Typically, this command will be in a local boot file such as
/etc/rc.local .
pbs_sched must be executed with root permission.
- -d home
- Specifies the name of the PBS home directory, PBS_HOME. If not specified,
the value of $PBS_SERVER_HOME as defined at compile time is used. Also see
the -L option.
- -L logfile
- Specifies an absolute path name of the file to use as the log file. If not
specified, the scheduler will open a file named for the current date in
the PBS_HOME/sched_logs directory. See the -d option.
- -p print_file
- This specifies the "print" file.
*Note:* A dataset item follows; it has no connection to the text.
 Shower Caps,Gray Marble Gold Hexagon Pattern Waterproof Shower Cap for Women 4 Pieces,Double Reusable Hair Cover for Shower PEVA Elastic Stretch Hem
Any output from the scheduler
code which is written to standard out or standard error will be written to
this file. If this option is not given, the file used will be
$PBS_HOME/sched_priv/sched_out. See the -d option.
- -a alarm
- This specifies the time in seconds to wait for a schedule run to finish.
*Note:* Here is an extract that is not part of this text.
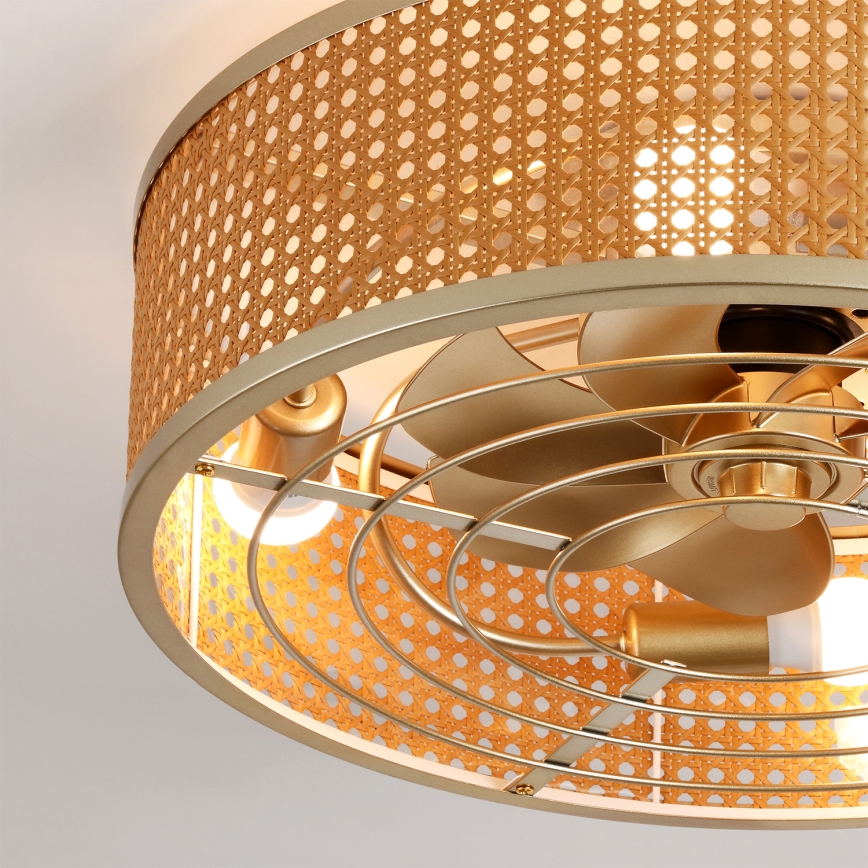 Brilagi - Lubinis ventiliatorius 4xE27/40W/230V, skersmuo 50 cm, bambuko apdaila, su nuotolinio valdymo pulteliu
If a scheduling iteration takes too long to finish, an alarm signal is
sent, and the scheduler is restarted. If a core file does not exist in the
current directory, abort() is called and a core file is generated. The
default for alarm is 180 seconds.
- -S port
- Specifies a port on which to talk to the server. This option is not
required. It merely overides the default PBS scheduler port.
- -c configfile
- Specify a configuration file, see description below. If this is a relative
file name it will be relative to PBS_HOME/sched_priv, see the -d option.
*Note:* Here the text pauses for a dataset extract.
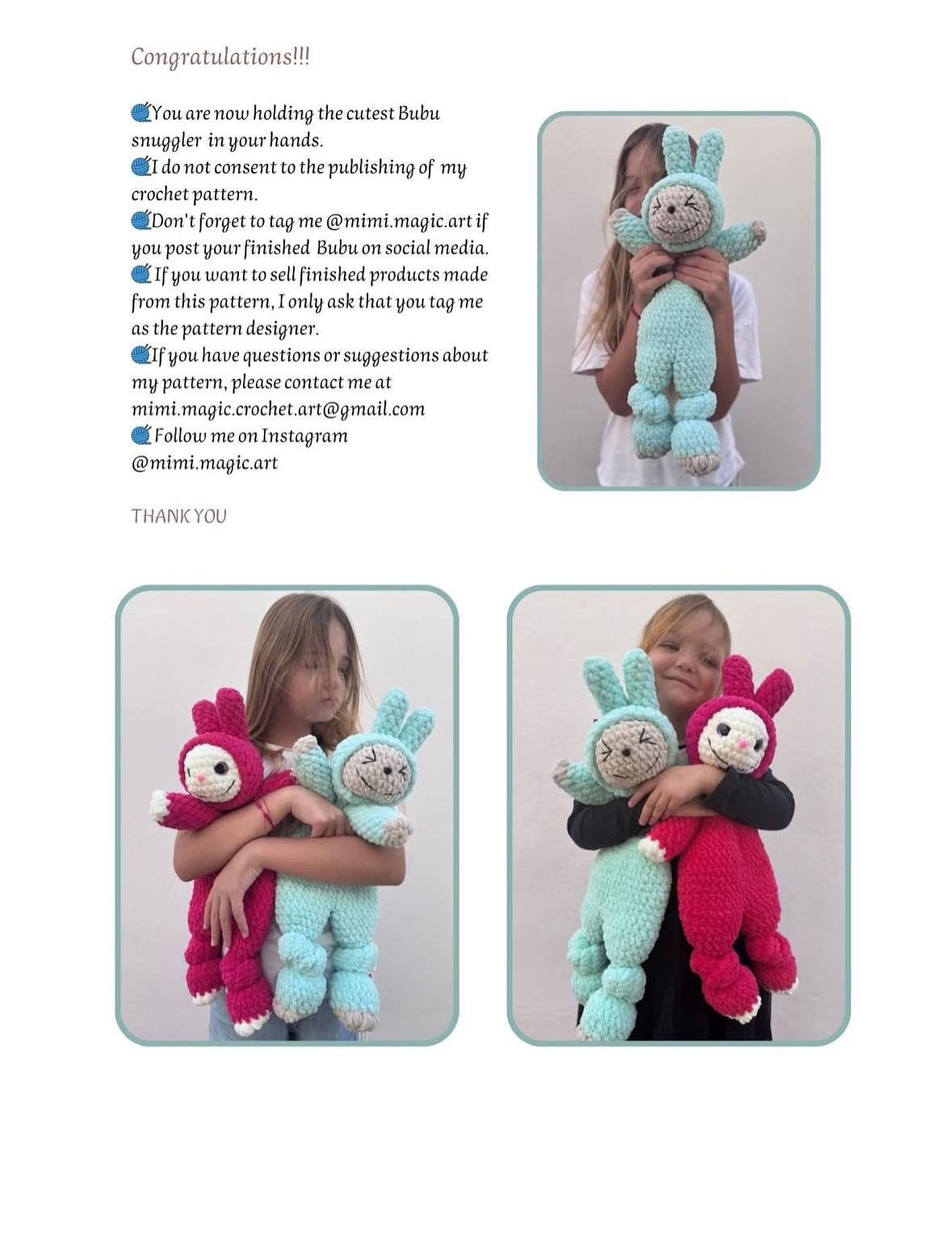 Free Crochet Pattern for Bubu Snuggler Doll by Mimi Magic Art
If the -c option is not supplied, pbs_sched will not attempt to open a
configuration file. In BASL, this config file is almost always needed
because it is where the list of servers, nodes, and host resource queries
are specified by the administrator.
This version of the scheduler requires knowledge of the BASL language. The site
must first write a function called sched_main() (and all functions
supporting it) using BASL constructs, and then translate the functions into C
using the BASL compiler basl2c , which would also attach a main program
to the resulting code. This main program performs general initialization and
housekeeping chores such as setting up local socket to communicate with the
server running on the same machine, cd-ing to the priv directory, opening log
files, opening configuration file (if any), setting up locks, forking the
child to become a daemon, initializing a scheduling cycle (i.e. get node
attributes that are static in nature), setting up the signal handlers,
executing global initialization assignment statements specified by the
scheduler writer, and finally sitting on a loop waiting for a scheduling
command from the server. When the server sends the scheduler an appropriate
scheduling command {SCH_SCHEDULE_NEW, SCH_SCHEDULE_TERM, SCH_SCHEDULE_TIME,
SCH_SCHEDULE_RECYC, SCH_SCHEDULE_CMD, SCH_SCHEDULE_FIRST}, information
about server(s), jobs, queues, and execution host(s) are obtained, and then
sched_main() is called.
The BAtch Scheduling Language (BASL) is a C-like procedural language. It
provides a number of constructs and predefined functions that facilitate
dealing with scheduling issues. Information about a PBS server, the queues
that it owns, jobs residing on each queue, and the computational nodes where
jobs can be run, are accessed via the BASL data types Server, Que, Job, CNode,
Set Server, Set Que, Set Job, and Set CNode.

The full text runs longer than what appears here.